We ate the Snickers bars and I told himâhe was the first person I told, the only person I toldâabout Kim. About how I was supposed to meet her here. I thought he would laugh but instead he said, “How is she going to come? Like from the clouds?”
“I don't know,” I said. “It doesn't say how, or anything. It just says if you do the right preparation, the veil will thin and she'll come here.”
“Like sit here?”
“I don't know.”
He looked up at the sky. “Did you do the right preparation?”
I shrugged. “I tried.”
He nodded. “I'm sure you did.”
We ate some more Snickers and sat.
It felt good to have someone with me. To not be alone.

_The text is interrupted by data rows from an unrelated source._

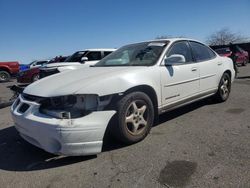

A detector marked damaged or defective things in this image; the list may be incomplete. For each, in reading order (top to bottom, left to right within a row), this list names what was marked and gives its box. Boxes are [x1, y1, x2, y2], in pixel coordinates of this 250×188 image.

damaged bumper [9, 95, 115, 156]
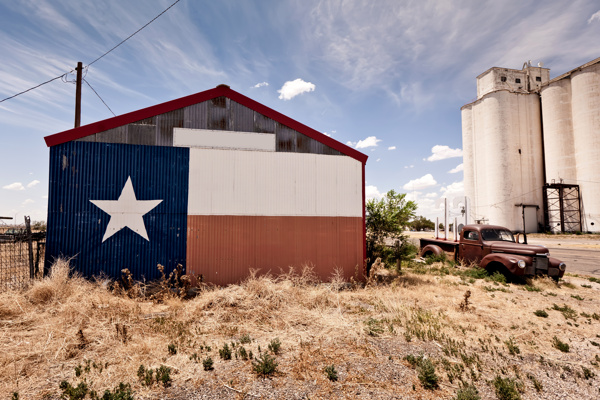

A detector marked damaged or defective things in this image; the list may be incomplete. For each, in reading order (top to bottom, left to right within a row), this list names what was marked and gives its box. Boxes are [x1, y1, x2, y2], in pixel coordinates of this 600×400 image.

rusted metal panel [189, 150, 360, 217]
rusted metal panel [186, 216, 360, 284]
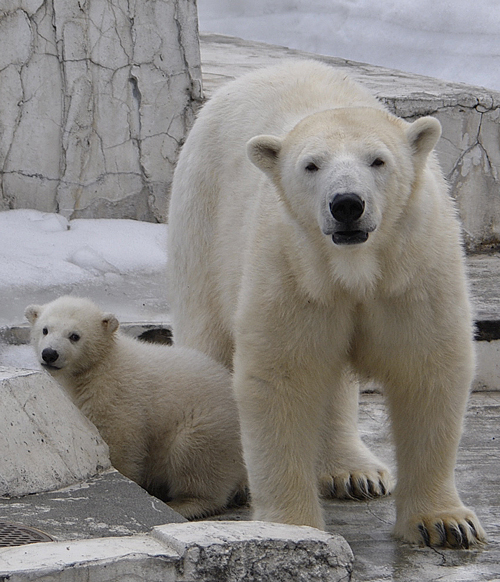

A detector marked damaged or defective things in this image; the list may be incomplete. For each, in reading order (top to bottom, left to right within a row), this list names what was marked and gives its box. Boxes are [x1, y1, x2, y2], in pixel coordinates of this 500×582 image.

cracked concrete surface [0, 0, 203, 221]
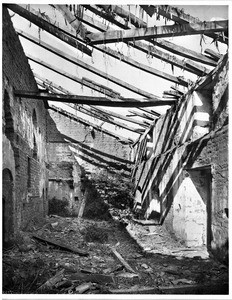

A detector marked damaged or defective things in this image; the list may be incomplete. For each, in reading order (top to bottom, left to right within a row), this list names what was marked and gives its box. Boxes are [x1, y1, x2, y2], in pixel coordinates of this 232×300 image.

broken timber [6, 3, 91, 55]
broken timber [87, 20, 227, 44]
broken timber [17, 29, 160, 98]
broken timber [14, 91, 176, 107]
broken timber [31, 234, 88, 255]
broken timber [109, 246, 137, 274]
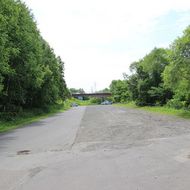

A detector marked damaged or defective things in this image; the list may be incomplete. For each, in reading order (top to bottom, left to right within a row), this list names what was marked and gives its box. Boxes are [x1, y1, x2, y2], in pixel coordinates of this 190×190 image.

cracked asphalt [1, 105, 190, 190]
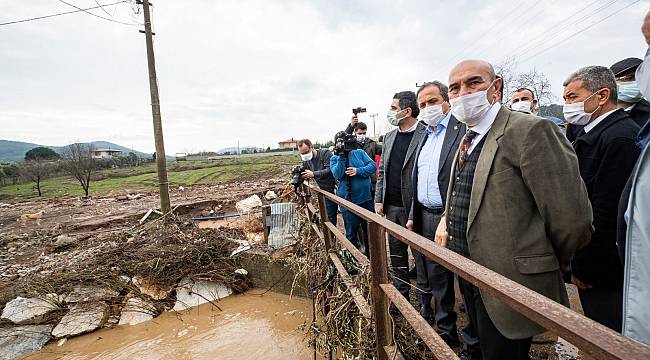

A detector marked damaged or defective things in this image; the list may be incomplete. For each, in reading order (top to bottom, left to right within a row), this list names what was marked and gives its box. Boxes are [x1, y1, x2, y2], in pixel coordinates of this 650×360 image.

broken concrete slab [0, 296, 58, 324]
broken concrete slab [52, 302, 108, 338]
broken concrete slab [64, 286, 119, 302]
broken concrete slab [117, 296, 157, 324]
broken concrete slab [132, 276, 172, 300]
broken concrete slab [172, 276, 233, 312]
rusty metal pipe railing [306, 184, 648, 358]
broken concrete slab [0, 324, 53, 358]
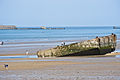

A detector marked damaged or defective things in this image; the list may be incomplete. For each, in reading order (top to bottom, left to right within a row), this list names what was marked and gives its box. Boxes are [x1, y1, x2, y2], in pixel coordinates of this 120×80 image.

broken timber [37, 33, 116, 57]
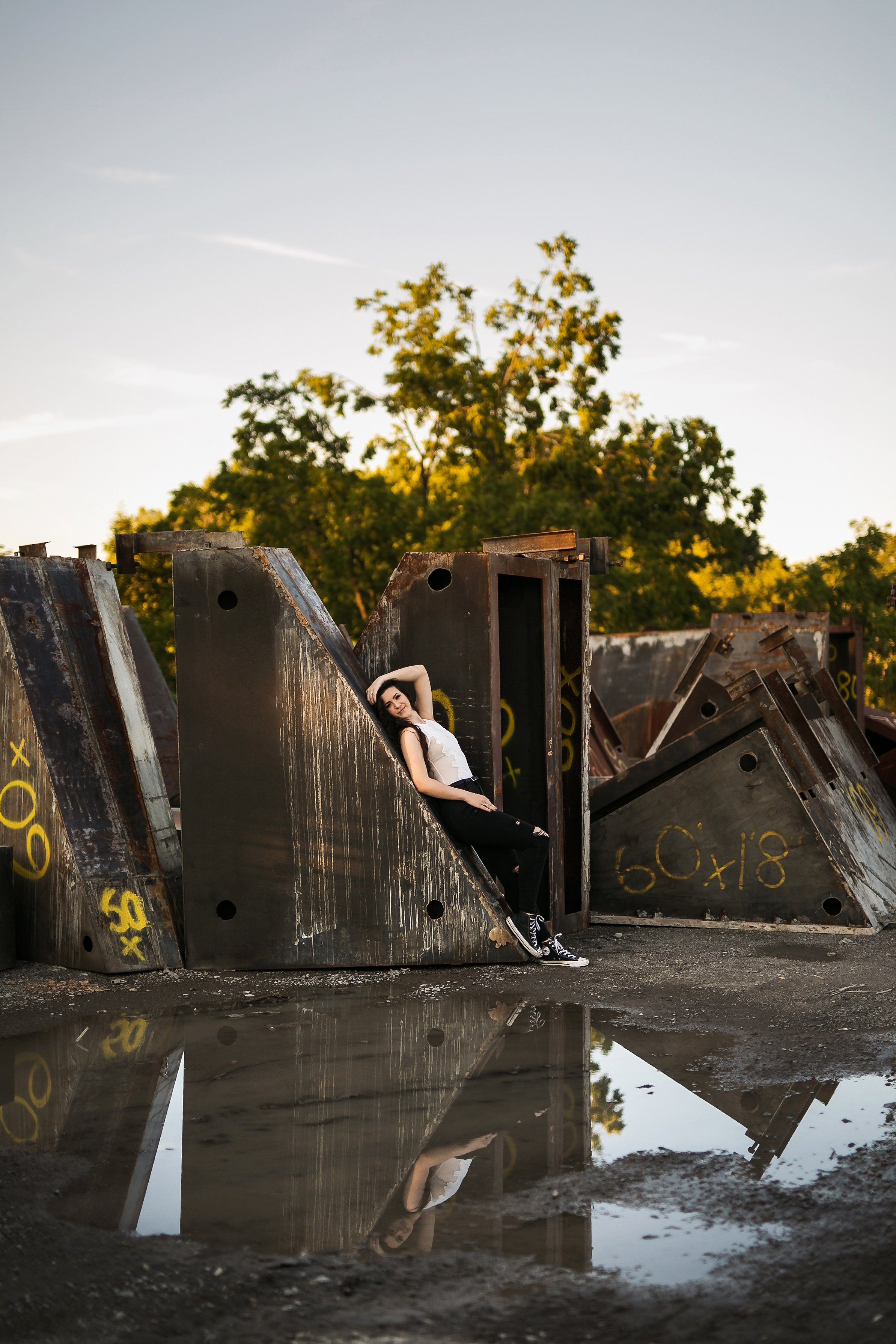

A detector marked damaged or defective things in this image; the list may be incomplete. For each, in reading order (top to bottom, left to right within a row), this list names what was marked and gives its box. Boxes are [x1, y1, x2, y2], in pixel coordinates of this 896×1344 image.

rusty steel structure [0, 553, 180, 973]
weathered rust [0, 553, 180, 973]
weathered rust [122, 613, 179, 811]
rusty steel structure [122, 535, 529, 967]
weathered rust [170, 547, 526, 967]
weathered rust [356, 541, 595, 931]
rusty steel structure [353, 535, 604, 937]
rusty steel structure [592, 628, 895, 937]
weathered rust [592, 640, 895, 931]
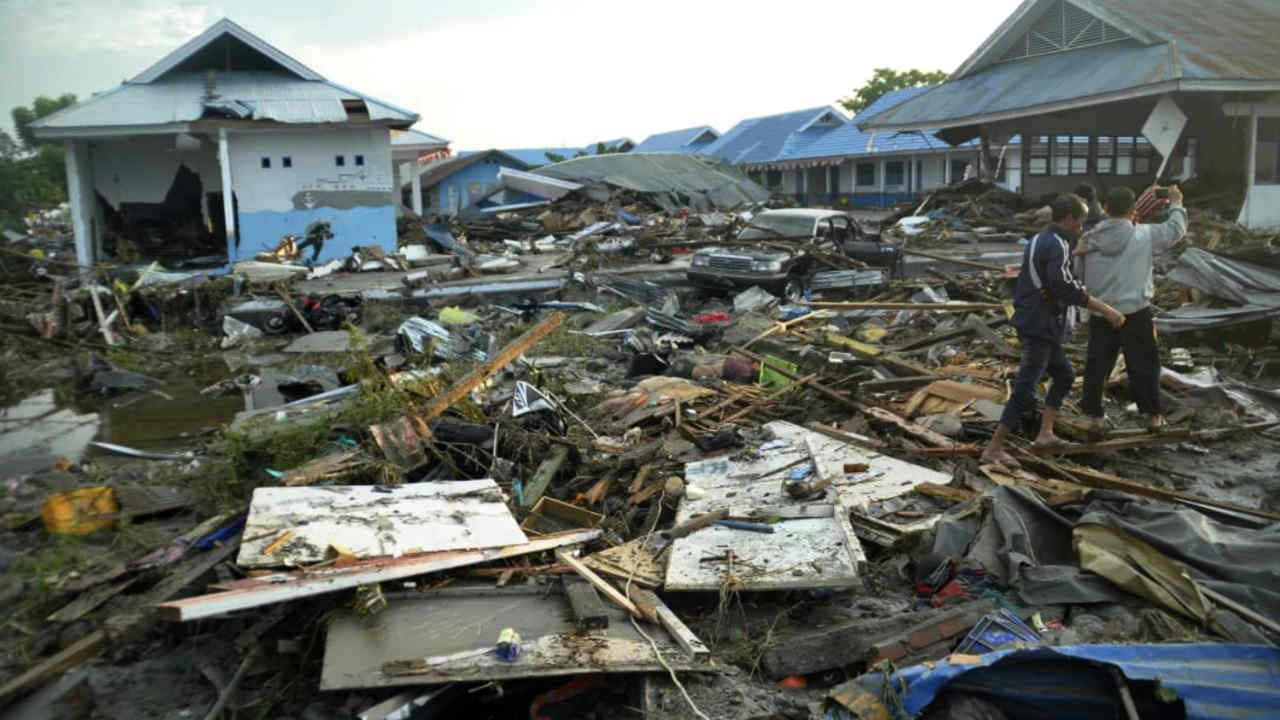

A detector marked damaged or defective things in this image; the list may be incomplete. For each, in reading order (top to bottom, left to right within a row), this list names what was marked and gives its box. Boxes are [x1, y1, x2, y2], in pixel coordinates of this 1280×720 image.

damaged house [31, 18, 424, 266]
broken window [885, 160, 906, 184]
broken window [1029, 136, 1049, 176]
damaged house [855, 0, 1280, 226]
broken window [1095, 135, 1116, 174]
broken window [1259, 118, 1280, 183]
broken plywood board [235, 476, 524, 566]
broken plywood board [158, 525, 599, 620]
broken plywood board [318, 584, 711, 691]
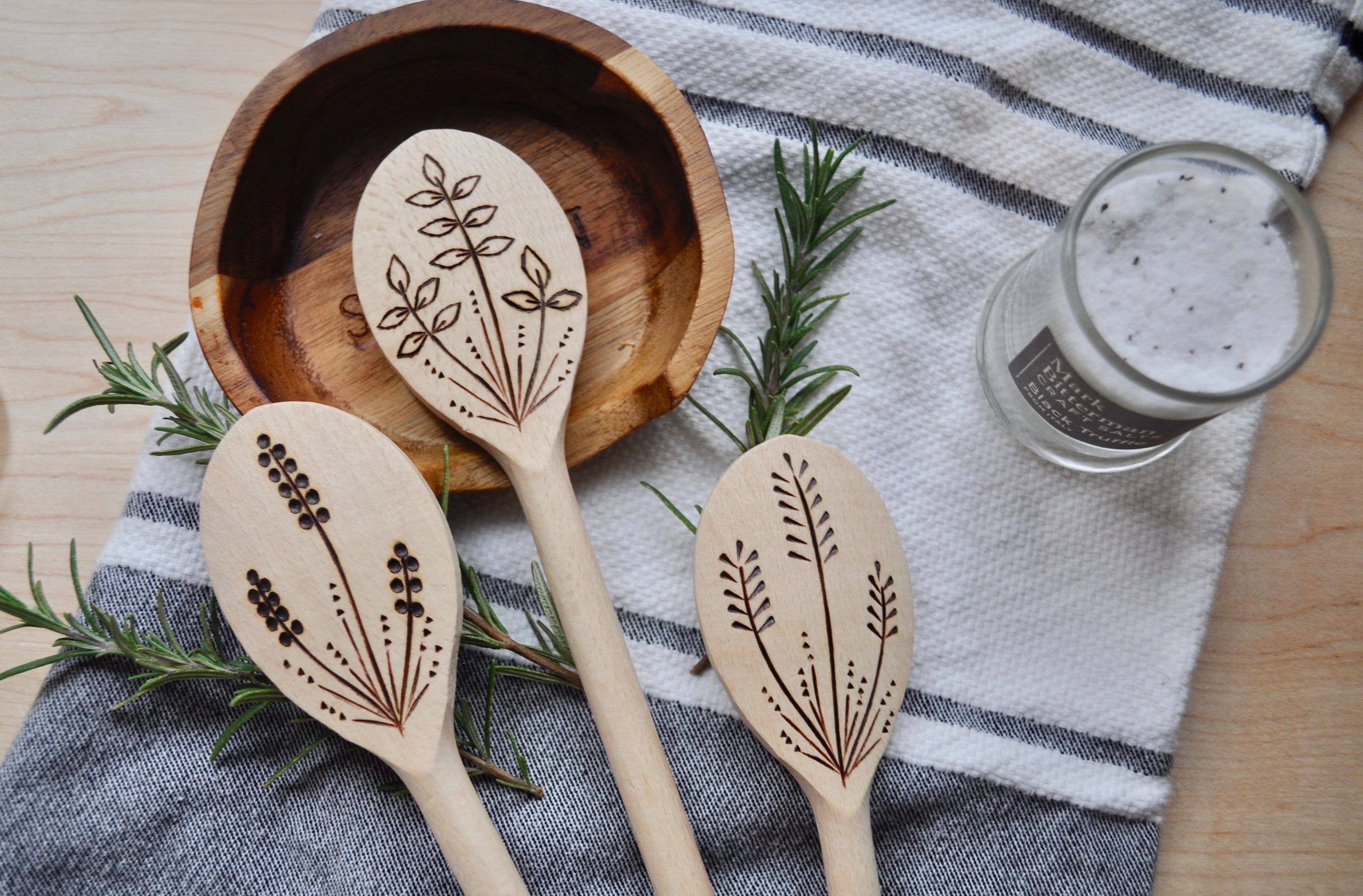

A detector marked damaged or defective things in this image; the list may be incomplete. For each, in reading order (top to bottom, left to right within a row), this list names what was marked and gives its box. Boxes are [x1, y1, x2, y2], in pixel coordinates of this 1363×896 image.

wood burned spoon [200, 401, 531, 896]
wood burned spoon [353, 128, 716, 896]
wood burned spoon [694, 434, 920, 896]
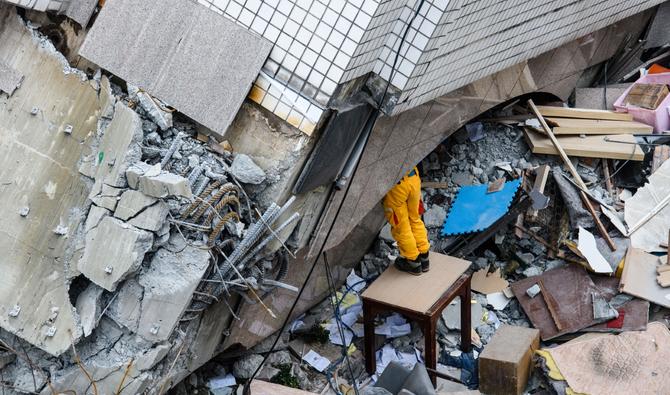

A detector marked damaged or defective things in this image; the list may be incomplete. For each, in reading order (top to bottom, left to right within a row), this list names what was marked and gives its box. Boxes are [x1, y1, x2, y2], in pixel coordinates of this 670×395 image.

cracked concrete slab [0, 6, 101, 358]
cracked concrete slab [80, 0, 272, 137]
broken wood plank [532, 100, 620, 252]
broken wood plank [524, 129, 644, 162]
broken wood plank [544, 117, 656, 135]
cracked concrete slab [78, 215, 154, 292]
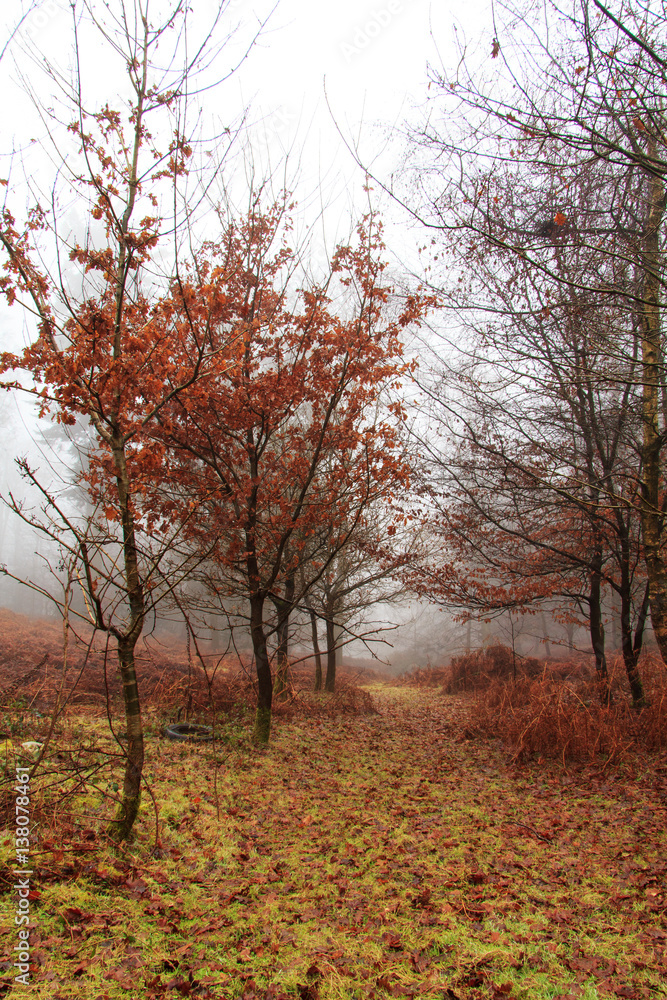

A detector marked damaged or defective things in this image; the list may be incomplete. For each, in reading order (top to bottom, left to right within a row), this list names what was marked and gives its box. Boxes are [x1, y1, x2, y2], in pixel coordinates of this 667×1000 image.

abandoned tire [163, 728, 213, 744]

“My brother totaled his truck,” he told me. “He had to go to the ER.”
“Oh,” I said.
Then I said, “Joe and his girlfriend got caught making out in my dad's car.”
“Which one?”
“The Mustang.”
He laughed.
We talked about whether Snickers or Reese's Peanut Butter Cups were better. He told me he hated washing dishes at his dad's Little Caesars and I said I always felt bad he had to work there and he explained Guns N' Roses is actually a really good band.
“They just scream.”
“They don't scream,” he said. And then he started singing “Sweet Child O' Mine.”
So we sat there all day long while everyone else was in school.
We sat there all day long and waited for Kim.
Every hour on the hour I made him be quiet and I sat with my legs crossed and my eyes closed and he said, “Should I hum something.”
“Shhh.”
“Should I close my eyes?”
I looked at him. “Uh. Yeah.”
He closed his eyes.
And every hour on the hour, she didn't come.